Un véhicule conçu pour les terrains difficiles
Officiellement appelé véhicule d’intervention polyvalent de la gendarmerie, le Centaure peut accueillir dix personnes : trois opérateurs et sept passagers. La Gendarmerie nationale le présente comme un engin robuste, adapté à différents types de missions et de terrains. Le programme prévoit au total 90 exemplaires destinés à remplacer progressivement les anciens véhicules blindés à roues.

Dans les secteurs incendiés, les risques persistent après le passage du front : arbres prêts à tomber, fumées épaisses, lignes électriques endommagées, chaussées obstruées et reprises soudaines. Un véhicule protégé peut ainsi servir de point d’appui pour reconnaître un itinéraire, accompagner une colonne ou aider à dégager un accès indispensable aux secours.
Des effectifs exceptionnels, mais des chiffres à distinguer
Le dispositif humain est lui aussi considérable. Certaines publications évoquent 1 500 gendarmes, mais le bilan présenté lundi par l’Élysée distingue 1 500 militaires des armées et 1 200 policiers et gendarmes. Ces forces s’ajoutent aux milliers de sapeurs-pompiers, aux moyens aériens, aux bénévoles de la sécurité civile et aux renforts étrangers.
Les gendarmes assurent plusieurs missions essentielles : accompagnement des évacuations, sécurisation des communes désertées, contrôle des barrages, régulation de la circulation et protection des biens. Ils participent également aux enquêtes destinées à déterminer l’origine des départs de feu et à interpeller les personnes qui ne respectent pas les interdictions.

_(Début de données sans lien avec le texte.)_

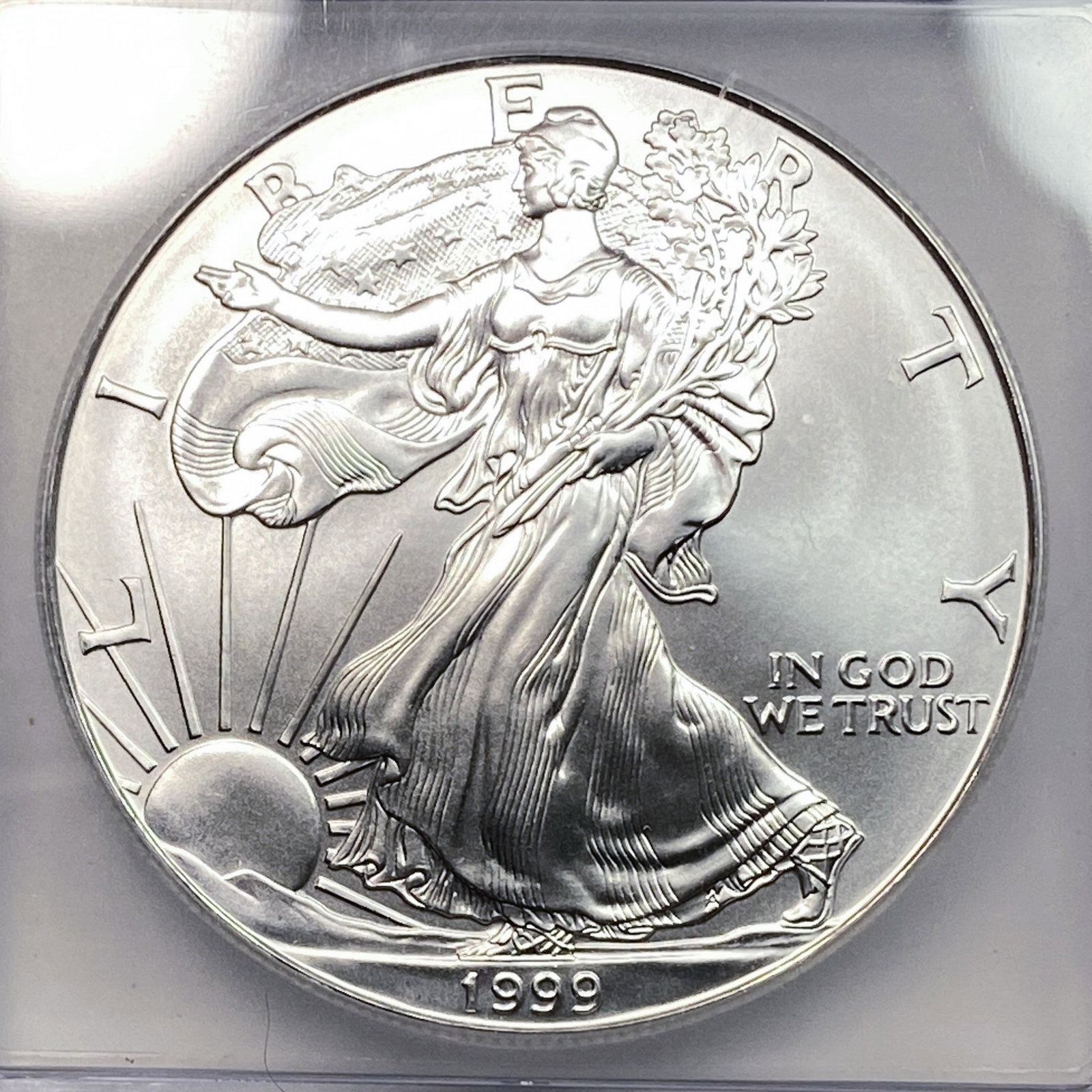 1999 Silver Eagle ICG MS70 - 3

Sécuriser les accès pendant une accalmie fragile
La situation s’est stabilisée lundi, mais le feu n’est pas encore fixé. Les Centaure renforcent donc un dispositif appelé à durer, notamment pour maintenir les accès, surveiller le périmètre et empêcher les retours non autorisés. Les habitants évacués doivent attendre le feu vert de leur commune ou de la préfecture avant de rejoindre leur logement.
Le déploiement de ces blindés montre que la crise dépasse la seule attaque des flammes. Elle exige aussi une logistique lourde, une surveillance permanente et une coordination étroite entre pompiers, forces de sécurité, militaires et services de l’État.